Die Zahnarztphobie stellt ein bedeutendes Hindernis für die zahnärztliche Betreuung dar und kann schwerwiegende Folgen für die Mundgesundheit und die sozio-ökonomische Lebensqualität der Betroffenen haben [Beaton et al., 2014]. Ebenso lassen sich häufig emotionale Faktoren wie Schuld, Scham und der Verlust von Selbstwertgefühl bei Patienten mit Zahnarztphobie finden. In einer Studie von McGrath und Bedi berichteten 73 Prozent der Teilnehmer von einer Beeinflussung ihrer Lebensqualität durch die eigene Mundgesundheit [McGrath and Bedi, 2004].
Die Zahnarztphobie ist ein komplexes multifaktorielles Phänomen. Deren Entwicklung umfasst eine Reihe von exogenen und von endogenen Faktoren. Dazu zählen unter anderem frühere traumatische Erlebnisse, die Persönlichkeit, Angst vor Schmerzen sowie die Übertragung von Angst durch Eltern und Verwandte durch Erzählungen und Beobachtungen im Sinne von Modelllernen [Hmud and Walsh, 2009]. Humphris und King fanden heraus, dass Zahnarztphobie zweieinhalbmal häufiger bei Opfern von sexueller Gewalt auftritt [Humphris and King, 2011].

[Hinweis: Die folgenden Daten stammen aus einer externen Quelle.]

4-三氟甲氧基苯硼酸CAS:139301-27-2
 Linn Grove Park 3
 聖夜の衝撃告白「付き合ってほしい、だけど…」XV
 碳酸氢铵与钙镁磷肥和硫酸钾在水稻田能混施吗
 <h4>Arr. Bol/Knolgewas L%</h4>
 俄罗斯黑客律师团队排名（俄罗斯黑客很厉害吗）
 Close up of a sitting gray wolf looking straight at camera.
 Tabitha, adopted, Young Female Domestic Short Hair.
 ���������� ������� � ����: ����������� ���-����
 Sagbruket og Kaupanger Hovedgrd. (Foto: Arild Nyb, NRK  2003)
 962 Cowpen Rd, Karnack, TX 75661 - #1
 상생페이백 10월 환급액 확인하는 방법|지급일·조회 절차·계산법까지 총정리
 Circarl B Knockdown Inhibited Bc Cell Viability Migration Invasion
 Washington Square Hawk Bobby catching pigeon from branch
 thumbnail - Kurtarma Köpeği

Die Therapie von Patienten mit ausgeprägter Zahnarztphobie stellt sowohl für den Patienten als auch für den Behandler eine große Herausforderung dar. In der Regel geht die Behandlung von Angstpatienten mit einem großen personellen und zeitlichen Aufwand einher. Mehrere Aspekte der zahnärztlichen Behandlung können Ängste bei den Patienten auslösen [Oosterink et al., 2008], am häufigsten handelt es sich hier um die Injektion des Lokalanästhetikums, wobei nicht nur der Injektionsschmerz, sondern auch die Angst vor dem ausgedehnten Taubheitsgefühl des Weichegewebes ursächlich sein kann [Morse und Cohen, 1983].
Um zahnärztliche Behandlungen optimal auf Angstpatienten abstimmen zu können, scheint es daher sinnvoll zu sein, zwischen Patienten mit Angst vor der Injektion und Patienten mit Angst vor dem Taubheitsgefühl zu unterscheiden. Im vorliegenden Fall dominierte die Angst vor dem Taubheitsgefühl nach der Applikation des Lokalanästhetikums.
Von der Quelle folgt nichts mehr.